Look below for the line with "Camiseta de Hombre, Cuello"; begin the copy there and stop after the line with "Image of APRODZ", keeping the text exact and the pictures out.

======== Data ========

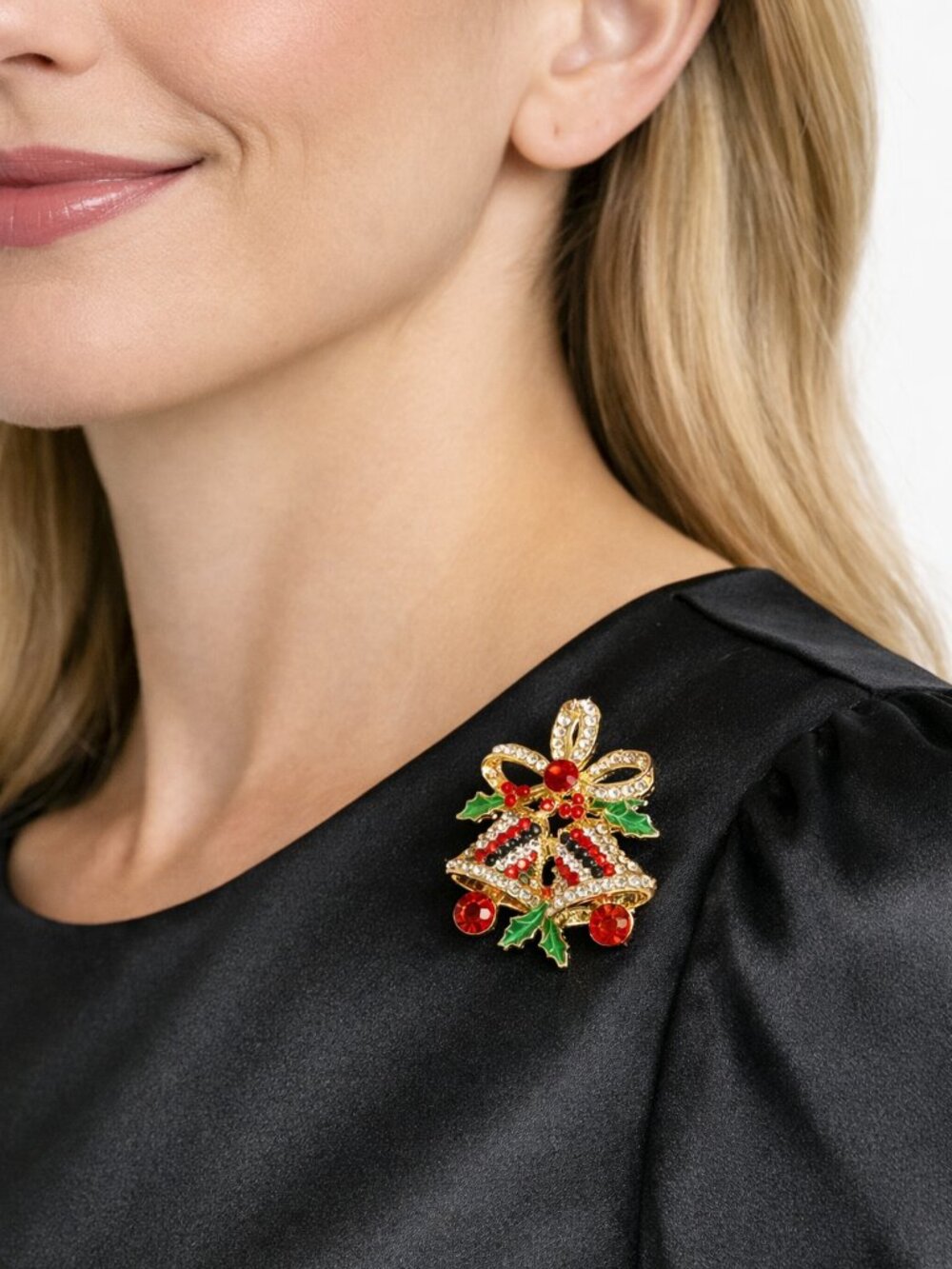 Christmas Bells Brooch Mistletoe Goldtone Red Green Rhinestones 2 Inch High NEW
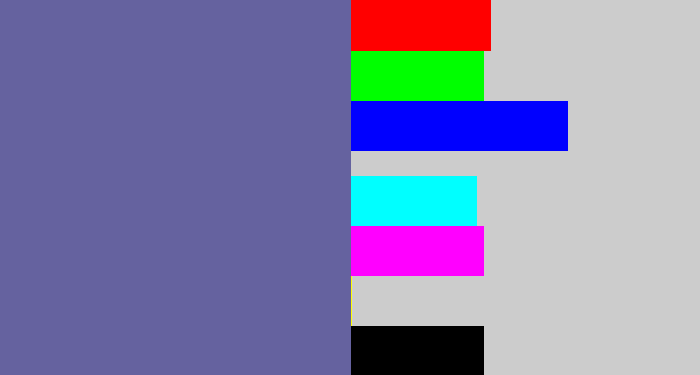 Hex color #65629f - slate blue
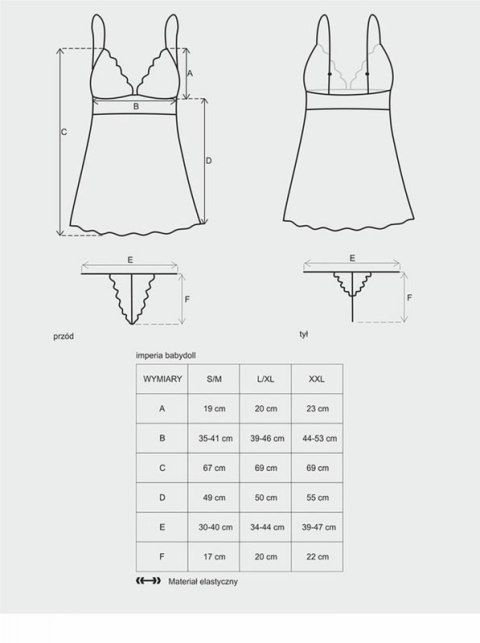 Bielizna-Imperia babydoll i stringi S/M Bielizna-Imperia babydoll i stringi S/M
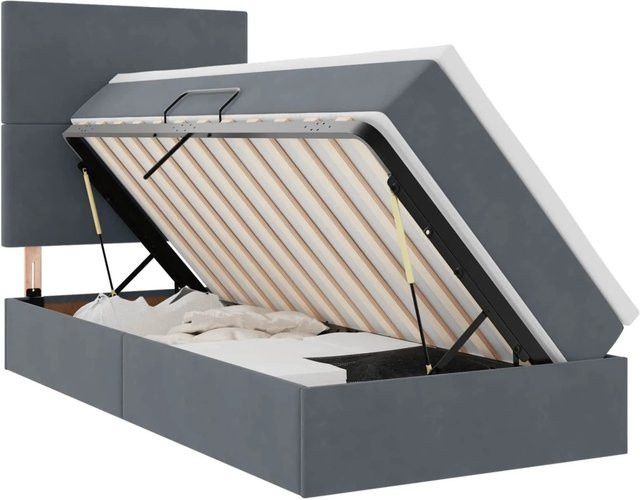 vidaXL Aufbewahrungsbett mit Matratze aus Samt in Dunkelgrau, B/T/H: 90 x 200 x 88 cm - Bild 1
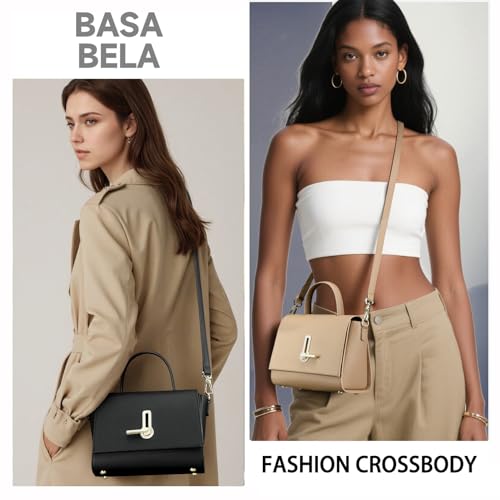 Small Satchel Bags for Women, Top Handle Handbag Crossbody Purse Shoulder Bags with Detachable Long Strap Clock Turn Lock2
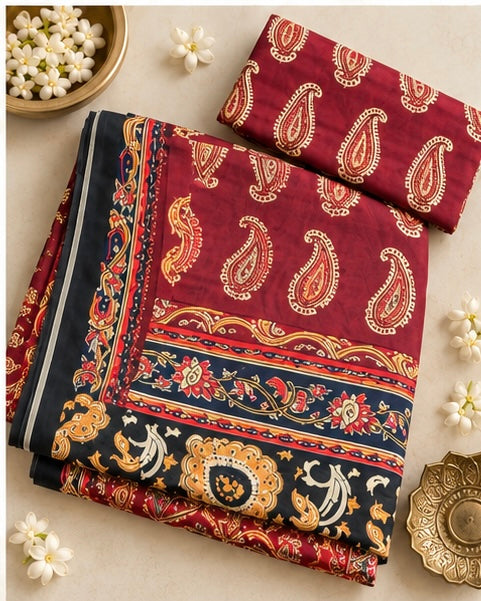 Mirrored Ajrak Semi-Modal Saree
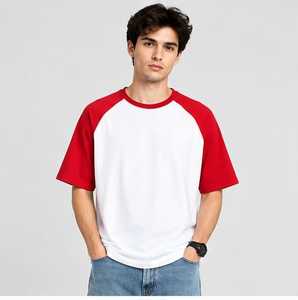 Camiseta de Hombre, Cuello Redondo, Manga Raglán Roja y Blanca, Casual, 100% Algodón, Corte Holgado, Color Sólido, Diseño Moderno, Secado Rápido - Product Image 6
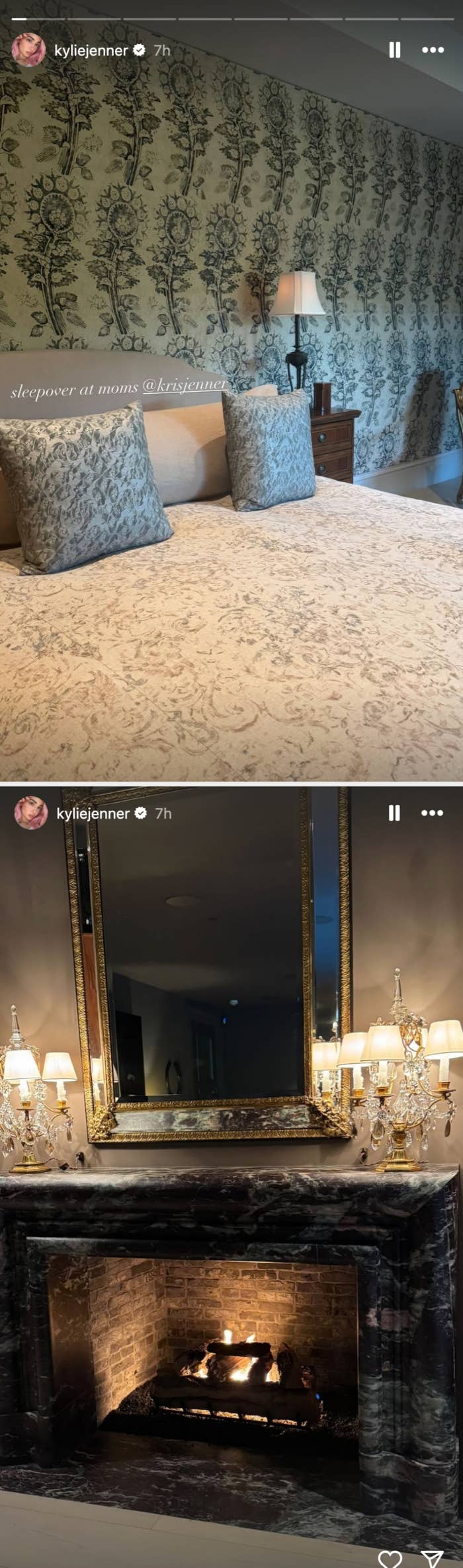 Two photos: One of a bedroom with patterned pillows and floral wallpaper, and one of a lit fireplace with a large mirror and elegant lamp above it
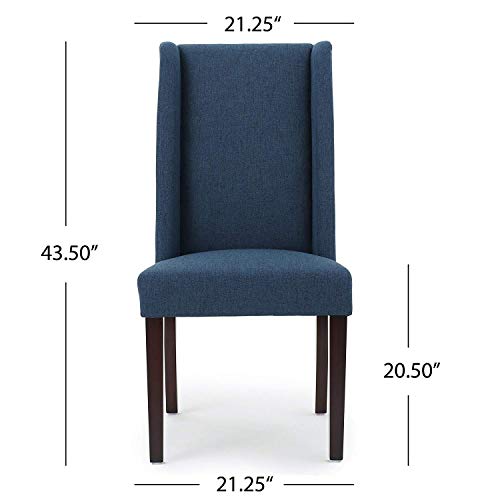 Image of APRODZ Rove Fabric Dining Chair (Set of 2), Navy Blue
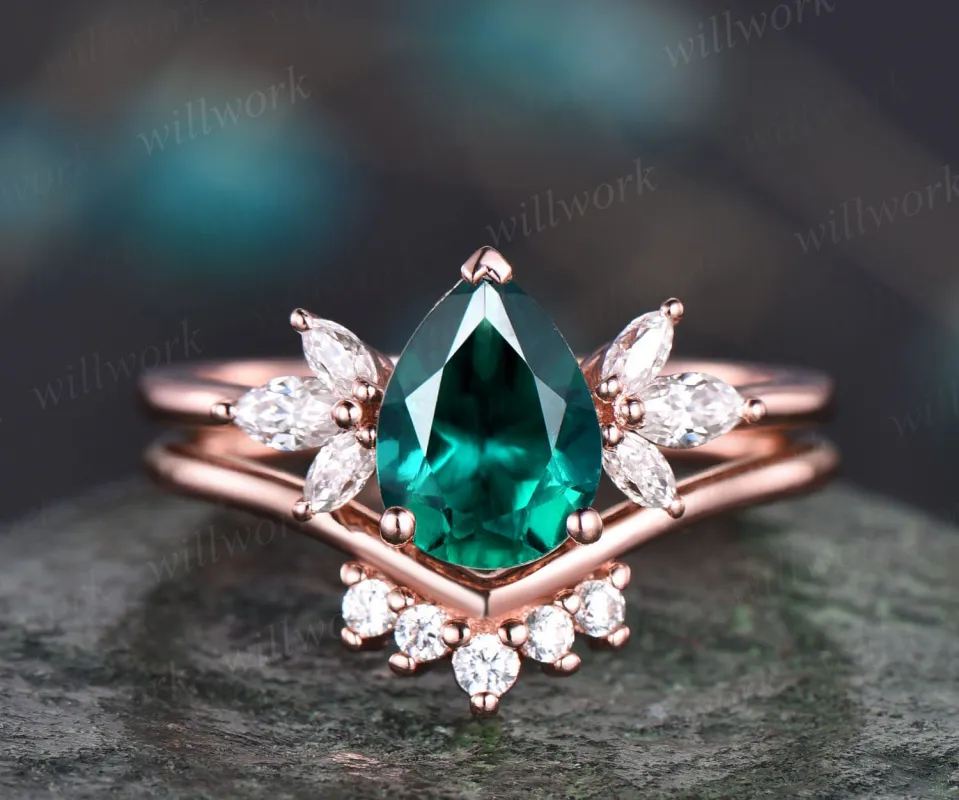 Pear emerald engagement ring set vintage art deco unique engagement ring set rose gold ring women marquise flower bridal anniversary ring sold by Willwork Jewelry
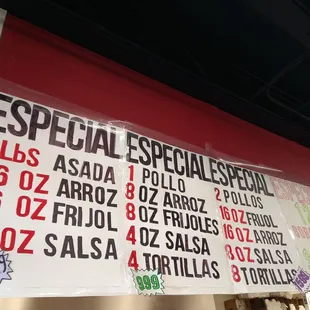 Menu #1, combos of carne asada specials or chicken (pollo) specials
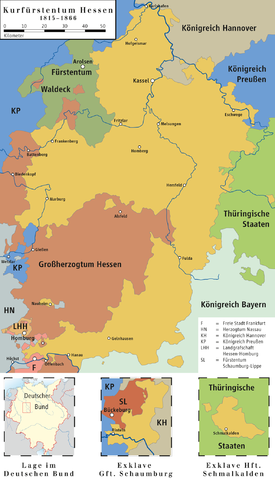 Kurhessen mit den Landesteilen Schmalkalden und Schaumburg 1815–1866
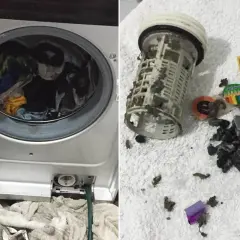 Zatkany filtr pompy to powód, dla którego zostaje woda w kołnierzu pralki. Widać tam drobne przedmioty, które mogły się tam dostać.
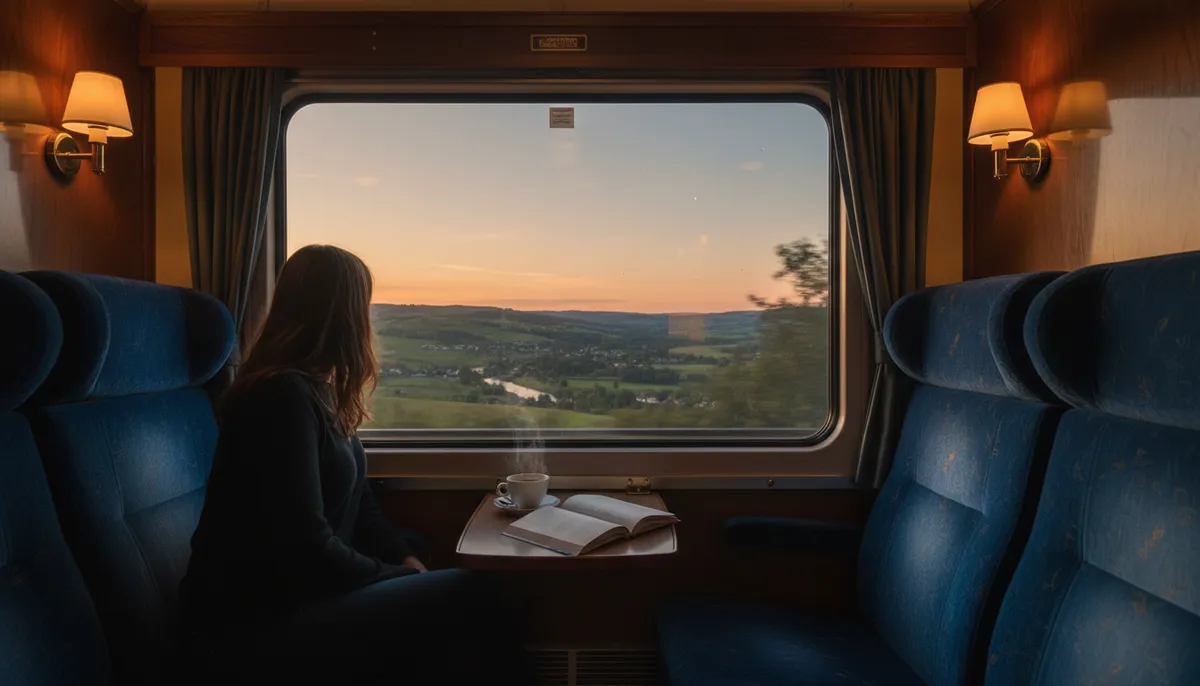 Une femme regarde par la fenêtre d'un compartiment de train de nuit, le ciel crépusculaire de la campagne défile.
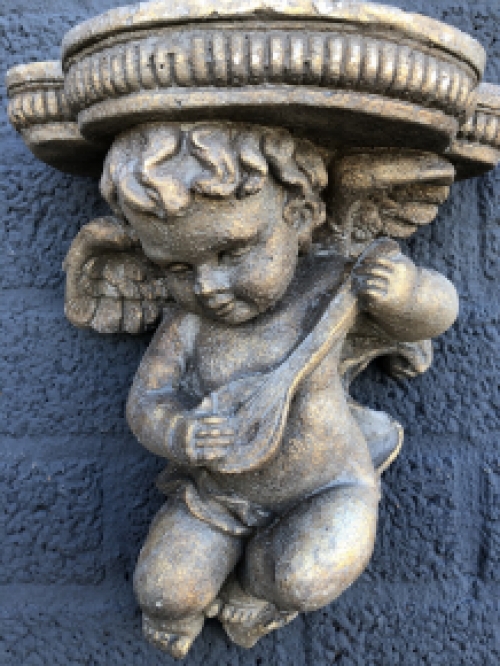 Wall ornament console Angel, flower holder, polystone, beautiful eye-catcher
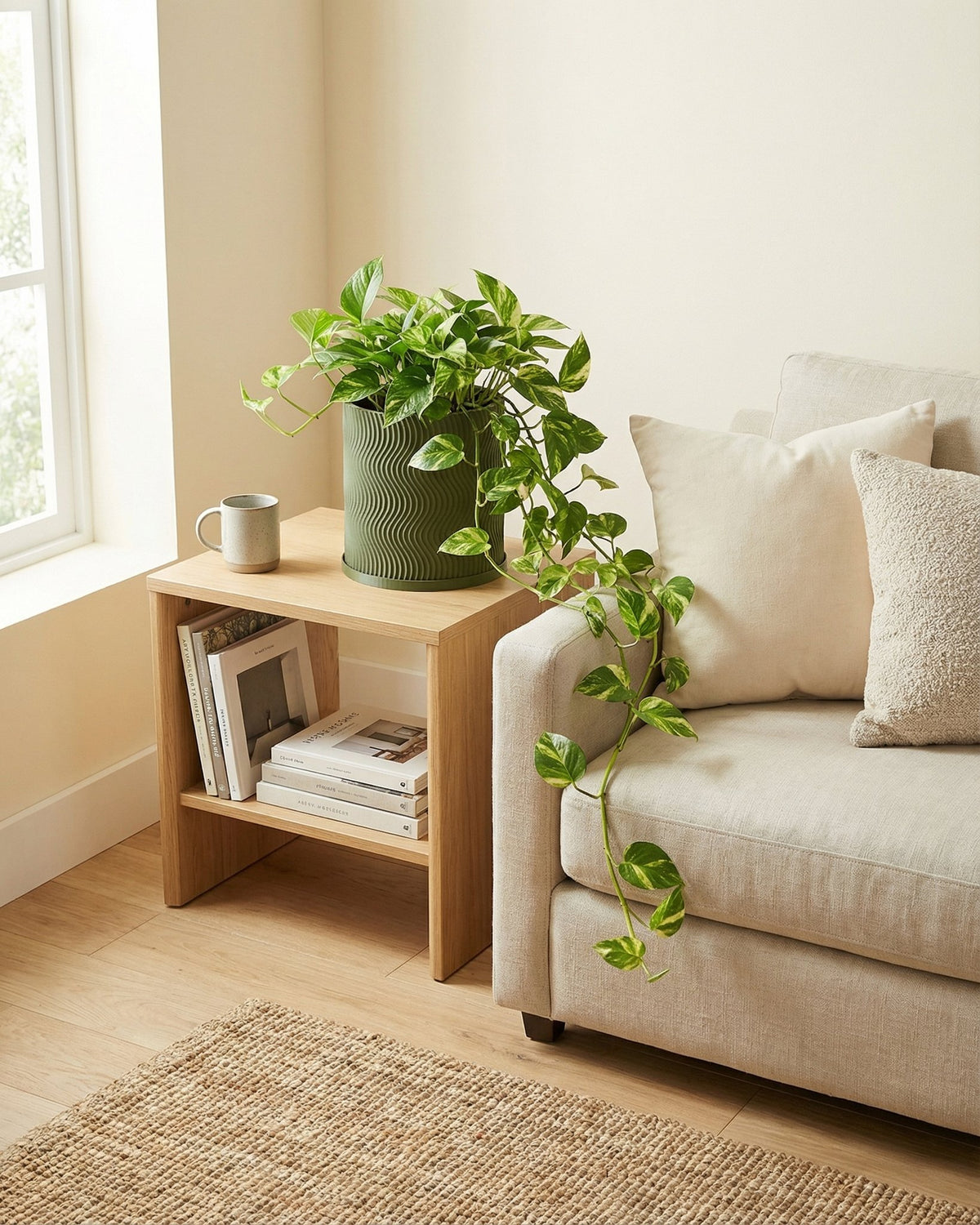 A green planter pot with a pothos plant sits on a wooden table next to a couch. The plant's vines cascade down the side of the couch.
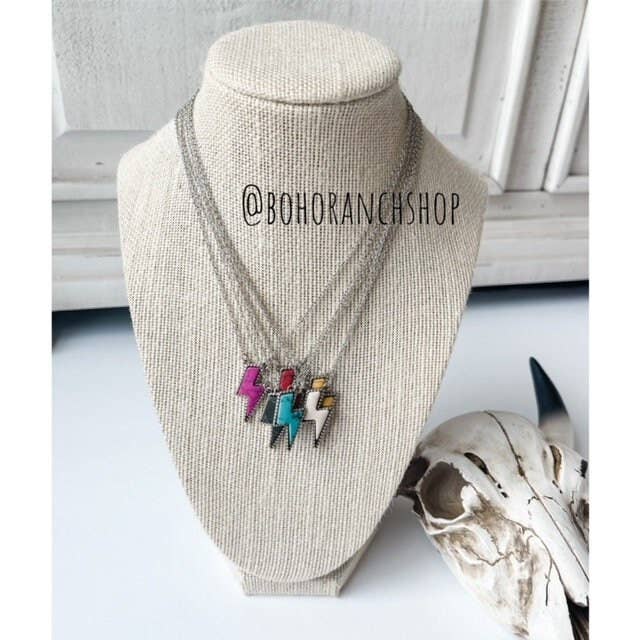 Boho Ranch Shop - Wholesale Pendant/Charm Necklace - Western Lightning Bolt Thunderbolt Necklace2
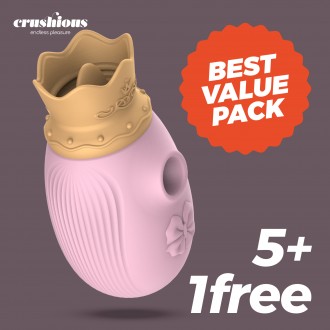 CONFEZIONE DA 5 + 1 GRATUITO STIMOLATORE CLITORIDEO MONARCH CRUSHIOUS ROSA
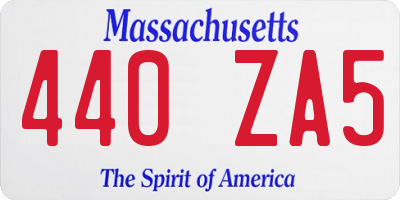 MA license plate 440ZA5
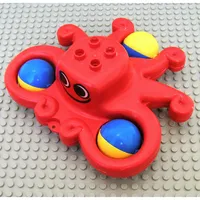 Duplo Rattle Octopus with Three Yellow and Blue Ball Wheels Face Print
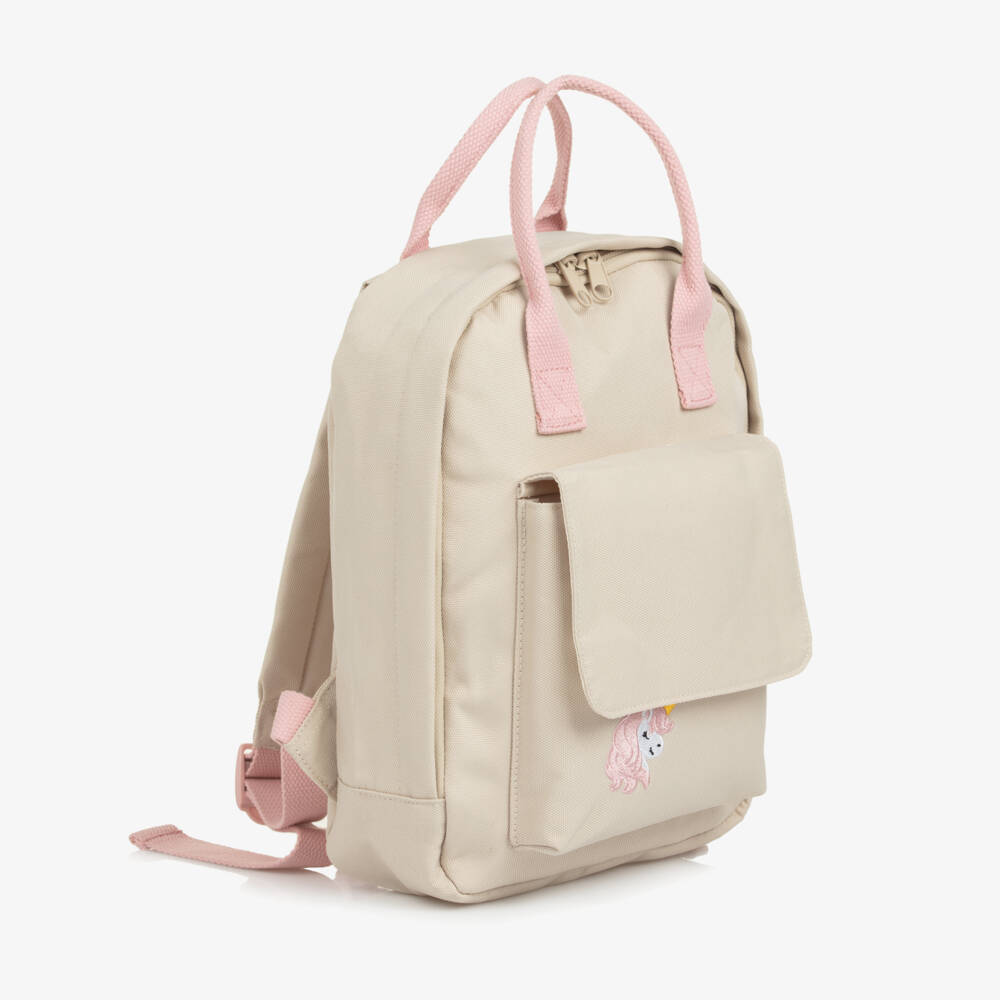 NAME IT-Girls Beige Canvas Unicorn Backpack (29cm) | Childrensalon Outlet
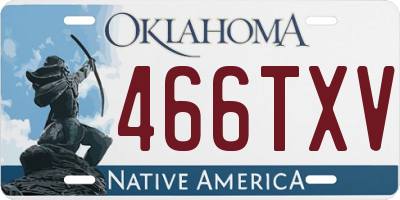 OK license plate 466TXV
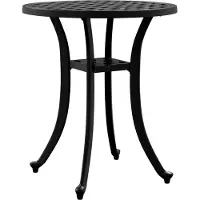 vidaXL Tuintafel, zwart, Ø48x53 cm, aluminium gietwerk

========

● Answer to this problem
 Camiseta de Hombre, Cuello Redondo, Manga Raglán Roja y Blanca, Casual, 100% Algodón, Corte Holgado, Color Sólido, Diseño Moderno, Secado Rápido - Product Image 6
 Two photos: One of a bedroom with patterned pillows and floral wallpaper, and one of a lit fireplace with a large mirror and elegant lamp above it
 Image of APRODZ Rove Fabric Dining Chair (Set of 2), Navy Blue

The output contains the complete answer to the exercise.